With the player prefab mostly in place, I duped it and wrote a special controller script to drive it around autonomously as a bot. I sketched out an initial plan for its search and destroy behavior flow.
I gave this new prefab a big, green, cone collider attached to the end of its nose. They randomly scan around the environment “looking” for enemies. If another tank enters the collider’s trigger, the controller script then calculates the distance and angle between the two tanks.
At this stage, a human player would typically take an instinctive guess at the pitch and power for the initial shot and then adjust and tune the controls until a hit is achieved.
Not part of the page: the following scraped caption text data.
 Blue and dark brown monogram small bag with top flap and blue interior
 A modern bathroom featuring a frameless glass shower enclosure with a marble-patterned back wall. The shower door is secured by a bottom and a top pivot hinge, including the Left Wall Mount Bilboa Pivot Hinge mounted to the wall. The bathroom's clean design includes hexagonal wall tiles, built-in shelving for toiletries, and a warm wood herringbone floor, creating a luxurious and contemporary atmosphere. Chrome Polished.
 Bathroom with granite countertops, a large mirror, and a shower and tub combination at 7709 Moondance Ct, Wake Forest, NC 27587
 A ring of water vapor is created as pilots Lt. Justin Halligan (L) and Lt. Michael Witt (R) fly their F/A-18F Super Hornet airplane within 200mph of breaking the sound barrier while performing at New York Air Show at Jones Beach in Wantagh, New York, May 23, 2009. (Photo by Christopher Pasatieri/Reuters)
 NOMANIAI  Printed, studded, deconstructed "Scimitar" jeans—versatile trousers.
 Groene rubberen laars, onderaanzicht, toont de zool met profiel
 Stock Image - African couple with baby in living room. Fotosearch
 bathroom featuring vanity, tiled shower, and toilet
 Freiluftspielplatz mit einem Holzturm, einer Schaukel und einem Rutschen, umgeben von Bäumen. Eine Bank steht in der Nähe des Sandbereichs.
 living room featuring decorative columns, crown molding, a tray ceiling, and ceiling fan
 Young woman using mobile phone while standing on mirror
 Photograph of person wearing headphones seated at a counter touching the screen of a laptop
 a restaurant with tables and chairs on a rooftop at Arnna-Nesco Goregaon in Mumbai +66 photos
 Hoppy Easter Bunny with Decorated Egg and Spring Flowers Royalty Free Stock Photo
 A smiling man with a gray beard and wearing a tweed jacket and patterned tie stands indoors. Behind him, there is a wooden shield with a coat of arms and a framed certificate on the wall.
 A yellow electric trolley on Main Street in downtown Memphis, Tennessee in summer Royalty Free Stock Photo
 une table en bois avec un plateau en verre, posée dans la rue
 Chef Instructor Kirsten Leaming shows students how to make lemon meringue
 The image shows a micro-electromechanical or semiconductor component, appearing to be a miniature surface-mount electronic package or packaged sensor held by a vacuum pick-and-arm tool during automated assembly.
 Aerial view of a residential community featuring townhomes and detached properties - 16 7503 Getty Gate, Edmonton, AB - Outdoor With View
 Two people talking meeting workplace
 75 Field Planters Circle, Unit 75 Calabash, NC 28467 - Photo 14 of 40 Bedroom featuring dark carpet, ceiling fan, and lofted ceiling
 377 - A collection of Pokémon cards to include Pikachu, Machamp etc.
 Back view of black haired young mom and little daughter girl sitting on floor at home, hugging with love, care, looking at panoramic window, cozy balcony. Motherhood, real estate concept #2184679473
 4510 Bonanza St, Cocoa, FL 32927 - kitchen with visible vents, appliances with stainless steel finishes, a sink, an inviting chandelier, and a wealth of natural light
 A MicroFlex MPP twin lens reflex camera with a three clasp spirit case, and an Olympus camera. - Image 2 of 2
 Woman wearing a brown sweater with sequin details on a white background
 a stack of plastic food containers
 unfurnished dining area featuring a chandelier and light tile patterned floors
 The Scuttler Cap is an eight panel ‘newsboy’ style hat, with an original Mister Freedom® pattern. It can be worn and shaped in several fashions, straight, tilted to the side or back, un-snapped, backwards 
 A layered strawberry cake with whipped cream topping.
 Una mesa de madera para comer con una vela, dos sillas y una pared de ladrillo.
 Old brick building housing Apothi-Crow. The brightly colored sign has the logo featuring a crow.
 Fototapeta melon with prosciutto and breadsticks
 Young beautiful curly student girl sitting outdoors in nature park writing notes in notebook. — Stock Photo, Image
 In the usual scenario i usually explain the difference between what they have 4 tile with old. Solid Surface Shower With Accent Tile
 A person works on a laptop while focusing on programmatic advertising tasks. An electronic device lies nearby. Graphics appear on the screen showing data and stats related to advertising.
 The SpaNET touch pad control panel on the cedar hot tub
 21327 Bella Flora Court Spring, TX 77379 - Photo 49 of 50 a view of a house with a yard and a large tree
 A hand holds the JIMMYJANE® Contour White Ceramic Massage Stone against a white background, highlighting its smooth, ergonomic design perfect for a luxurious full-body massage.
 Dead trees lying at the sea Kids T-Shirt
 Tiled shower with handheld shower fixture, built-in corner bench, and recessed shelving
I wanted to simulate that kind of imperfect, but adjusting behavior.
The first step was to establish what my bot’s first instinctive guess should be. I setup a target at various distances and manually fired at it, recording the power used to achieve a successful hit (with a constant pitch and no wind conditions). I plotted these to a graph and then punched these values into a function equation finder. I used this equation to drive the power setting for the bot’s initial shot.
If the projectile misses (which is very likely since bots are also affected by wind!), it will determine if the shot landed too far left or too far right from the target. Then, it will adjust its facing by a random angle and repeat this sort of adjustment until it has successfully hit its target. It does a similar adjustment for its power if the shot lands in front of or behind its target.
Bots spawn in at random locations. You can see two of them working reasonably well in this video. That said, this is a very simple test and if I were to continue, I’d want to account for varying elevations, occlude the bot’s visibility so it can’t see through obstacles, and introduce movement as a way of scouring the environment and evading attacks.